## YOUR ASSIGNMENT
Your answer should be the exact lines of the data below from the one containing "Tia White Rain Mac Trench Coat" through the one containing "In meinem Zimmer"; please include nothing else.

## GIVEN RECORDS
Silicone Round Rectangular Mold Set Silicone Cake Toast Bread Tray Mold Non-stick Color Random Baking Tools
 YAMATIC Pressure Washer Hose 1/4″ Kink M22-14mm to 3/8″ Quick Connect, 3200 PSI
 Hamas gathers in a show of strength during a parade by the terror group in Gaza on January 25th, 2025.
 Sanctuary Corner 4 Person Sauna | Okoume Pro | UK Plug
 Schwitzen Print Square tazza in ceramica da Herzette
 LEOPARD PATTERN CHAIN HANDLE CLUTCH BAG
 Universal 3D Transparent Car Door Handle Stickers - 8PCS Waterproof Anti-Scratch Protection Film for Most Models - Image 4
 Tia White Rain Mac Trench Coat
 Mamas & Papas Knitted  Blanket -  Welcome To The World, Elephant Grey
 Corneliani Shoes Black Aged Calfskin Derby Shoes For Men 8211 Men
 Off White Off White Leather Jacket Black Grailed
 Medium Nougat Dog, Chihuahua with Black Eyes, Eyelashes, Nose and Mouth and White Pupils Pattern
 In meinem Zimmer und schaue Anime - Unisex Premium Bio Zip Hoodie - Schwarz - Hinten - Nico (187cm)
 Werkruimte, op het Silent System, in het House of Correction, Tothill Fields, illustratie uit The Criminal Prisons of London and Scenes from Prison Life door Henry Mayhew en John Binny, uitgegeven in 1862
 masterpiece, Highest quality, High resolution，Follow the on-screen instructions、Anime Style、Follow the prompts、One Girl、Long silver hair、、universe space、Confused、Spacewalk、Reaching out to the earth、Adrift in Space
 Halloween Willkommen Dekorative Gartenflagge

## OUTPUT OF THE EXERCISE
 Tia White Rain Mac Trench Coat
 Mamas & Papas Knitted  Blanket -  Welcome To The World, Elephant Grey
 Corneliani Shoes Black Aged Calfskin Derby Shoes For Men 8211 Men
 Off White Off White Leather Jacket Black Grailed
 Medium Nougat Dog, Chihuahua with Black Eyes, Eyelashes, Nose and Mouth and White Pupils Pattern
 In meinem Zimmer und schaue Anime - Unisex Premium Bio Zip Hoodie - Schwarz - Hinten - Nico (187cm)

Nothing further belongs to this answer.